Zafer Özcivan
Ekonomist
Bir diyaliz hastası olarak özel diyaliz merkezlerinin maddi ve manevi problemlerini yakından takip ediyorum. Diyaliz hastalığı, maalesef diğer hastalıklardan daha hassas ve sürekli takip isteyen ve hiç akla gelmeyen sağlık problemlerinin yaşanabileceği bir sağlık sorunudur. Böbreklerin süzme görevinden yoksun olması nedeniyle idrar çıkışı maalesef kesiliyor ve iki diyaliz seansı arasında yediklerimizden aldığımız sıvı ile birlikte almak zorunda olduğumuz başta su olmak üzere diğer sıvılar damarlarımızda birikmekte ve diyaliz seansı ile aldığımız bu sıvılar boşaltılmaktadır.

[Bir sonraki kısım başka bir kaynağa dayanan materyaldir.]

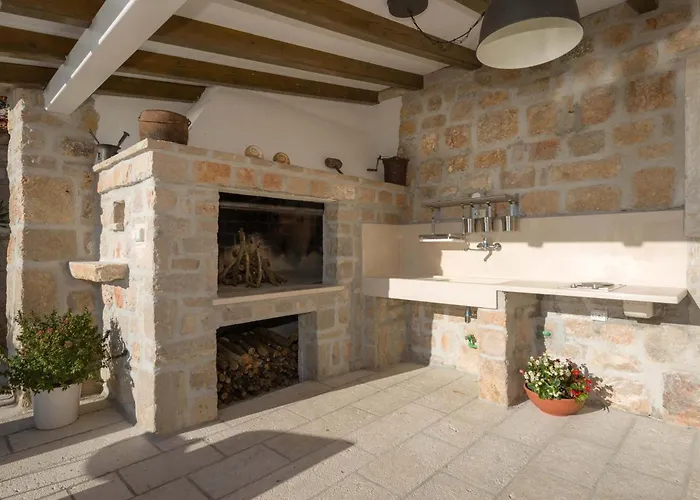 Villa Exquisite Brac 3 Bedrooms Belle Seaviews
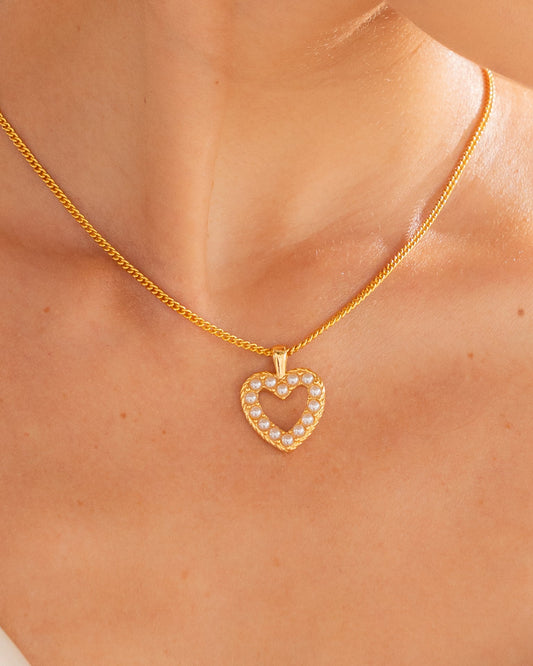 COLLAR CORAZÓN MULTIPERLAS + ARETES PERLA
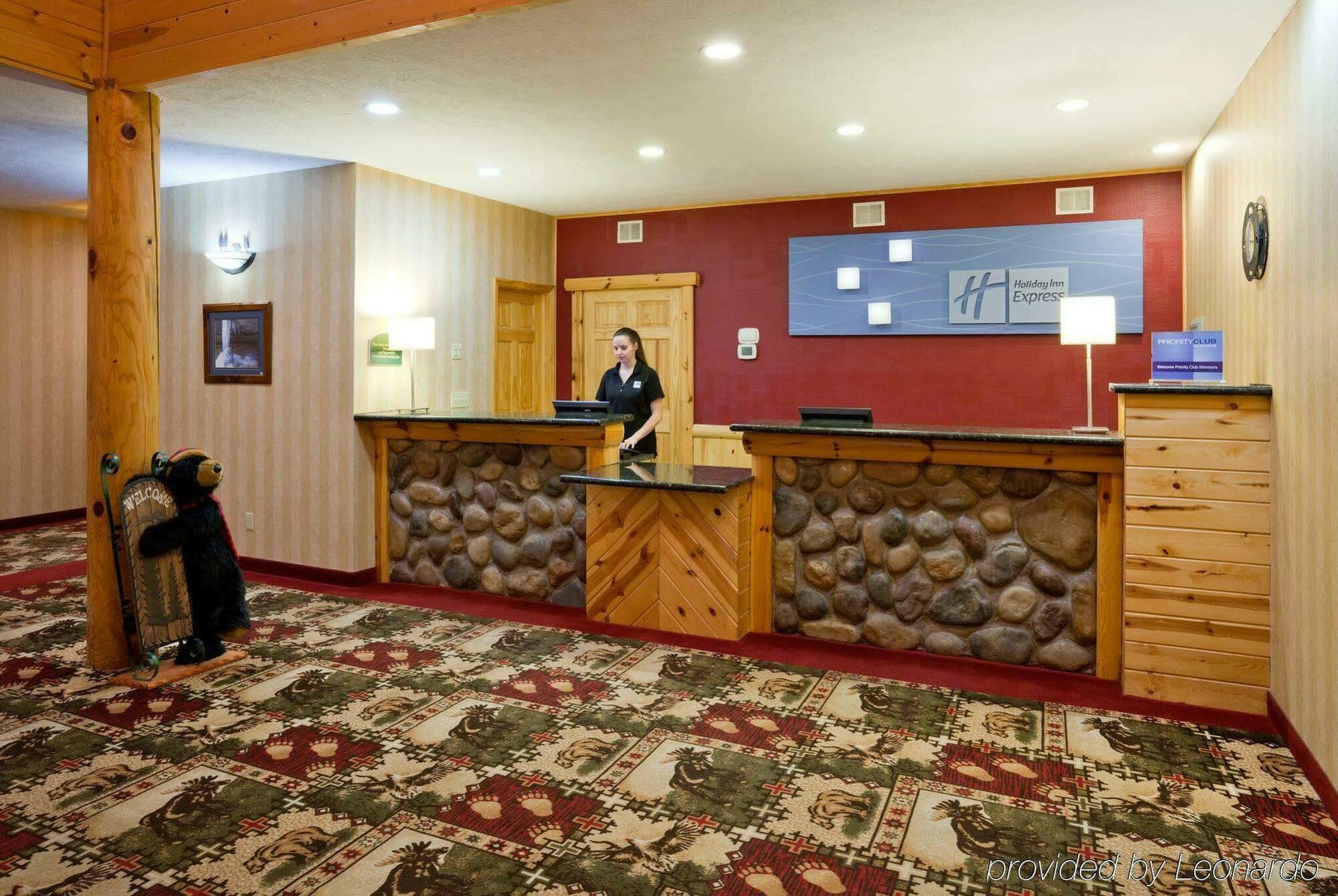 Holiday Inn Express Munising-Lakeview, An Ihg Hotel Beltér fotó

Ancak dört saat süren bu tedavi sonrasında başta tansiyon düşüklüğü, bulantı kusma gibi olumsuzluklar yaşanmakta daha da ötesi sanki dayak yemiş gibi diyaliz sonrası evimize kendimizi zor atmaktayız.72 saatlik böbrek görevini dört saate düşürmek zorunda olduğumuzdan bir takım yan etkiler oluşabiliyor.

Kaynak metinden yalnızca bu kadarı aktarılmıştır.